The earliest recognized standard setting body was the ‘Committee on Accounting Procedures (CAP)’which was formed in 1938 but the move towards developing an acceptable global financial reporting standards started in 1973 when the ‘International Accounting Standards Committee (IASC)’ was formed by professional accounting bodies from countries such as the United States of America, United Kingdom, France, Germany, Canada, Japan, Mexico, Netherlands and Australia.
The IASC was formed to formulate uniform and global accounting standards that are aimed at reducing to the barest minimum the discordances in international accounting principles and reporting practices. According to Ilaboya (2015) The IASC issued 41 International Accounting Standards (IAS) from IAS 1 (Presentation of Financial Statements) to IAS 41 (Agriculture).
Carlson (1997 as cited in Madawaki 2012) is of the opinion that the IASC was established and has actively been championing the uniformity and standardization of accounting principles for over two decades
On April 1st 2001, the IASC was replaced by International Accounting Standards Boards (IASB). The IASB adopted the 41 IAS as issued by the IASC and on its own, has issued 16 International Financial Reporting Standards (IFRS) with the latest being IFRS 16(Leases) issued in January 2016 but to take effect from January 1st 2019.
International Financial Reporting Standards (IFRS) according to Saudi & Umar (2014) are a set of accounting standards developed by the IASB that is becoming the global standard for the preparation and presentation of public company financial statement.
Most countries of the world are moving in the direction of International Financial Reporting Standards (IFRS). While some countries have been using these standards, they are new to transition economies like Nigeria. In Nigeria, implementation of IFRS was launched in September 2010. This brought into place the Financial Reporting Council of Nigeria (FRCN) to replace the then Nigerian Accounting Standards Board (NASB) which was formed in September 1982 (Ilaboya, 2015).
Jubril & Michael (2010) is of the opinion that the adoption was organized in such a way that all Stakeholders use the IFRS by January 2014, the adoption was scheduled to start with Public Listed Entities and Significant Public Interest Entities who were expected to adopt the IFRS by January 2012. Other Public Interest Entities are expected to mandatorily adopt the IFRS for statutorily purposes by January 2013 and Small and Medium-Sized Entities shall mandatorily adopt IFRS by January 2014.
However, according to Chamisa (2000, as cited in Madawaki, 2012) the successful adoption and implementation of these standards will remain a mirage in any country including Nigeria.
FRCN was therefore established in readiness for the adoption of the International Financial Reporting Standards in 2011 (Ilaboya, 2015). This study is therefore focused on the benefits and challenges of IFRS implementation in Nigeria as a developing economy, having in the domestic, legal and regulatory framework of the accounting profession.

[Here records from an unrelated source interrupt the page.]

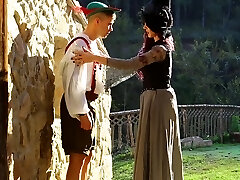 Filthy mature gives a blowjob and gets pounded hard in doggystyle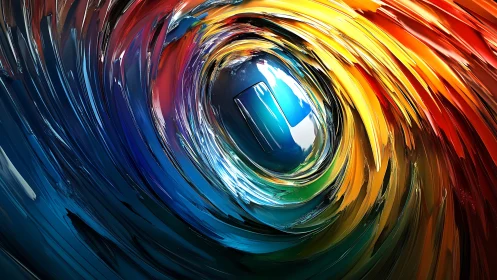 Spiraling rainbow vortex wrapped around a glowing blue core.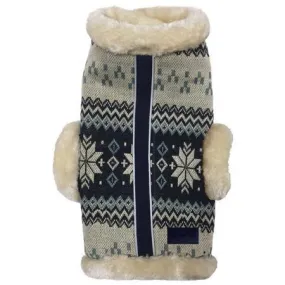 Fabdog | Blue Fairisle Tahoe Lodge Shearling Dog Coat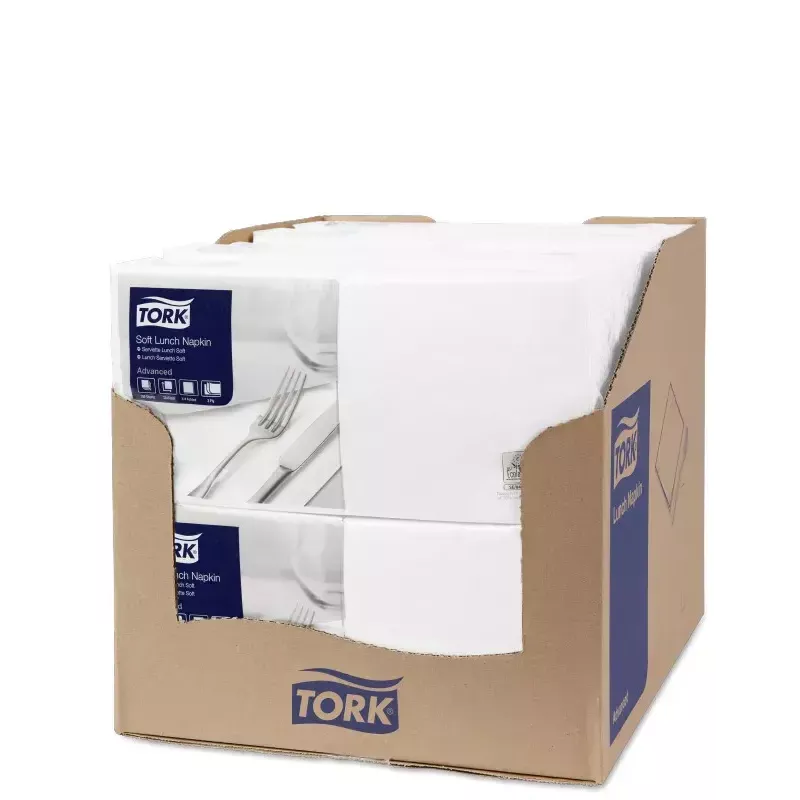 Papieren servetten Tork 477414 wit 150 stuks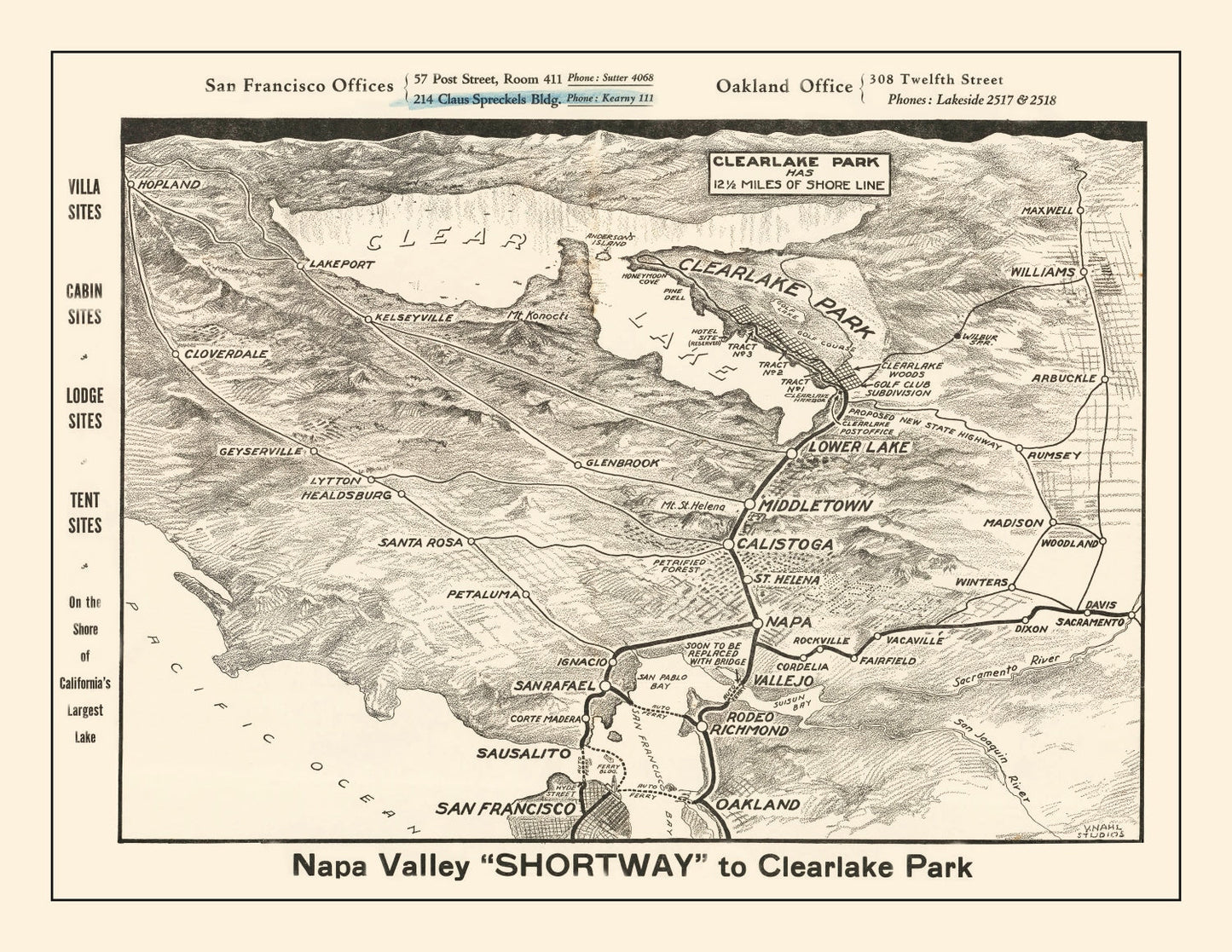 Vintage Map of Napa Valley, California, 1927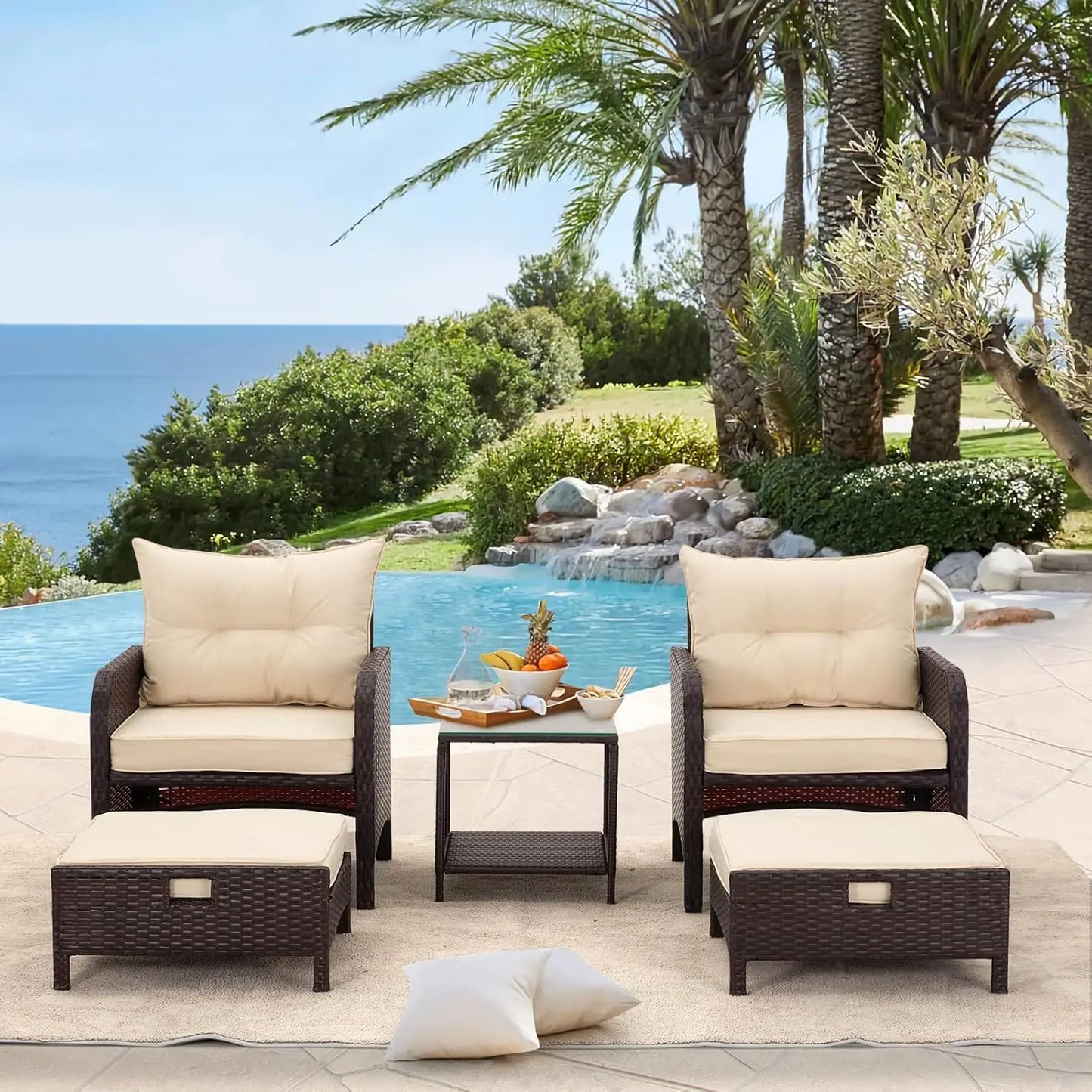 Outdoor Wicker/ Rattan Patio Chair Set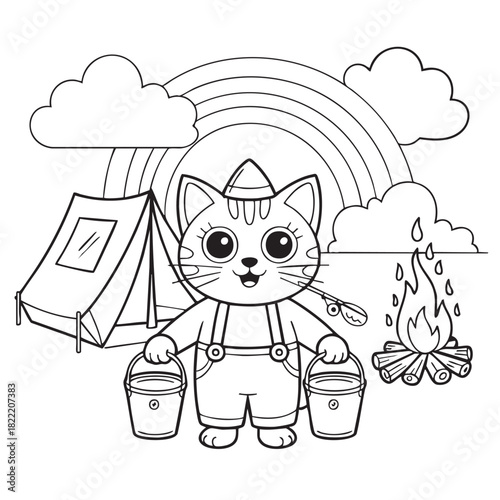 Cute cartoon cat in overalls with buckets at a campsite with a rainbow and campfire kitten camping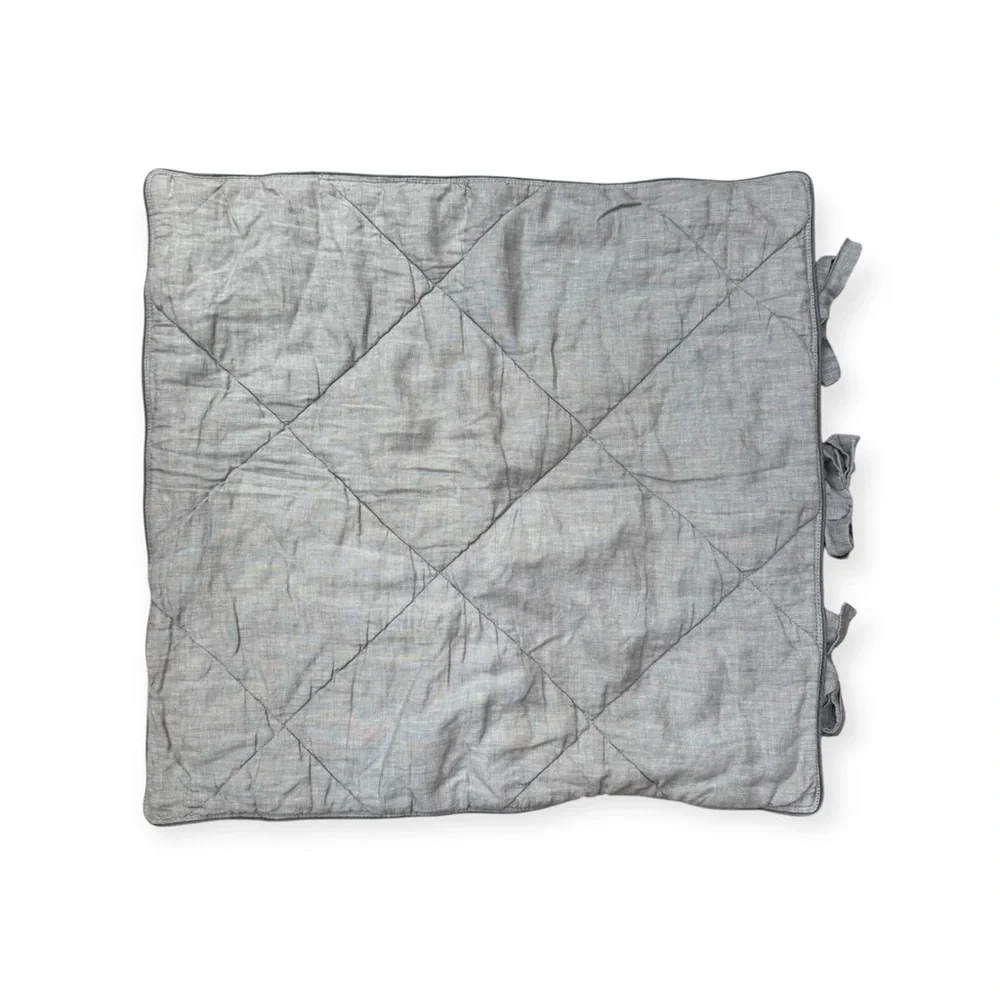 Pottery Barn Quilted Linen Cotton Silk Euro Pillow Sham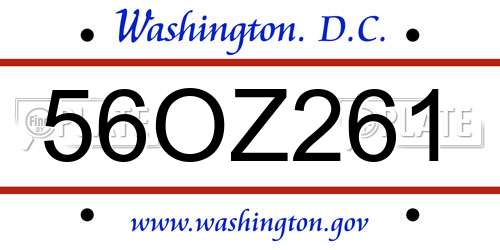 56OZ261 District Of Columbia License Plate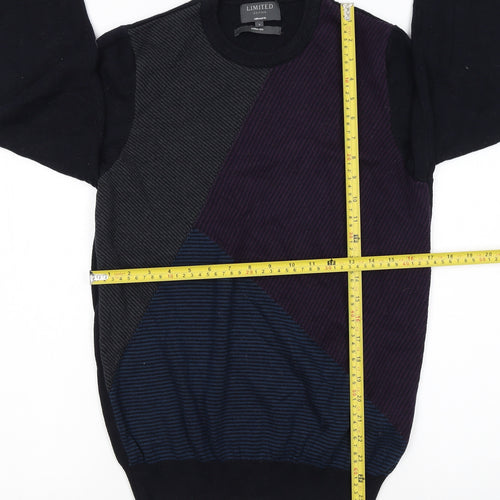 Marks and Spencer Men's Multicoloured Geometric Crew Neck Jumper S Slim Fit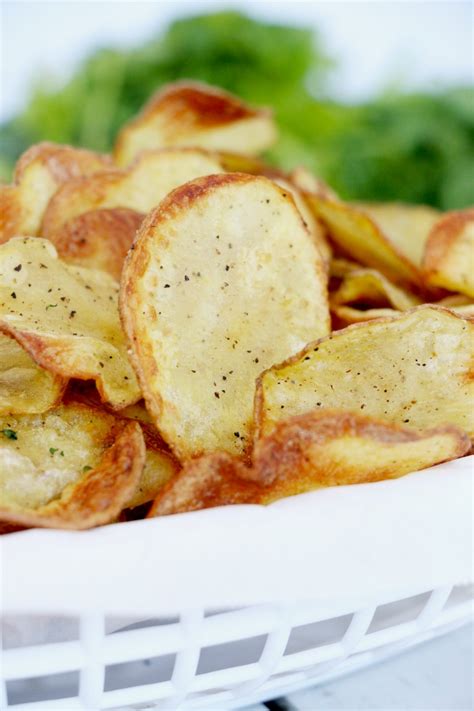 I made this homemade air fryer potato chip recipe using my cosori 5.8 quart. Air Fryer Potato Chips - Bitz & Giggles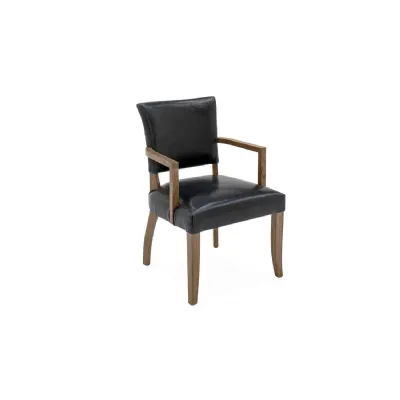 Blue Leather Arm Chair with Solid Oak Legs and Padded Seat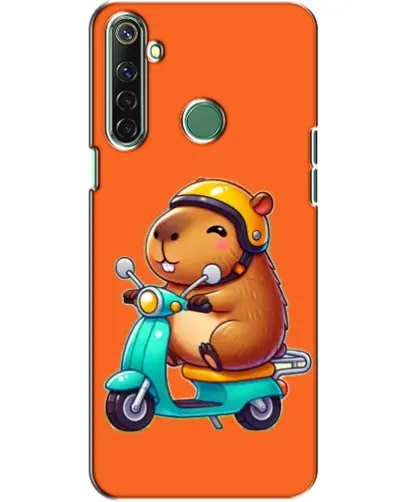Чехол для Realme 6i с картинкой «Капибара на скутере»
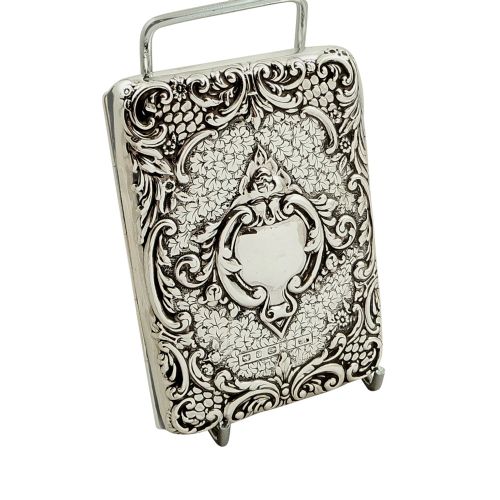 Antique Victorian Sterling Silver Card Case / Aide Memoire 1898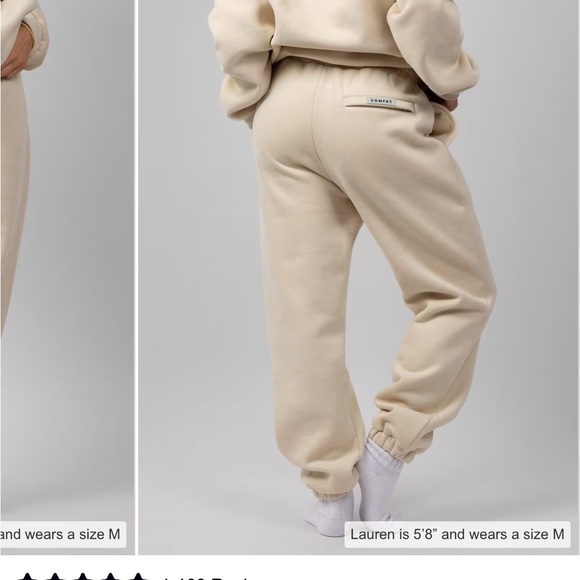Comfrt Travel Sweatpants for Women in Bone - Size Small - Picture 2 of 9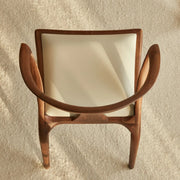 Wood Curved Open Slat Back Leather Dining Chair Brown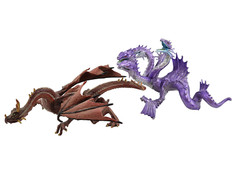 2 Safari Dragons: Brown Red Mountain & Hydra Silver Metallic Purple Mythical Lot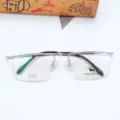 Montatura per occhiali da uomo business mezza montatura, dettaglio montatura metallo. - Argento Bianco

1.2 Statement of the problem
It has being shown that there is poor/inadequate knowledge as it pertains to IFRS procedure and implementation in Nigeria, so also is the low level of awareness of preparers and users of financial statements, regulators, auditors and other stakeholders. According to Jubril & Michael (2010), there is also the problem of accounting education and training among regulatory authorities and stakeholders on the practical implementation of IFRS which constitutes a setback to the process, with the effect of existing laws on the smooth transition process to IFRS and the difficulty in understanding the extent of the impact of IFRS on the various sectors of the economy.
All these gave rise to the following research questions;
1. Is there proper knowledge and commitment among the regulatory authorities and the preparers of financial statements towards IFRS implementation in Nigeria?
2. What is the level of public awareness by regulators and other stakeholders on these standards?
3. Is there significant effect of accounting education and training among regulatory authorities and stakeholders in the practical implementation of IFRS in Nigeria?
4. What influence do existing Nigerian laws have on the smooth transition process to IFRS?
5. What is the impact of the IFRS on various sectors of the economy?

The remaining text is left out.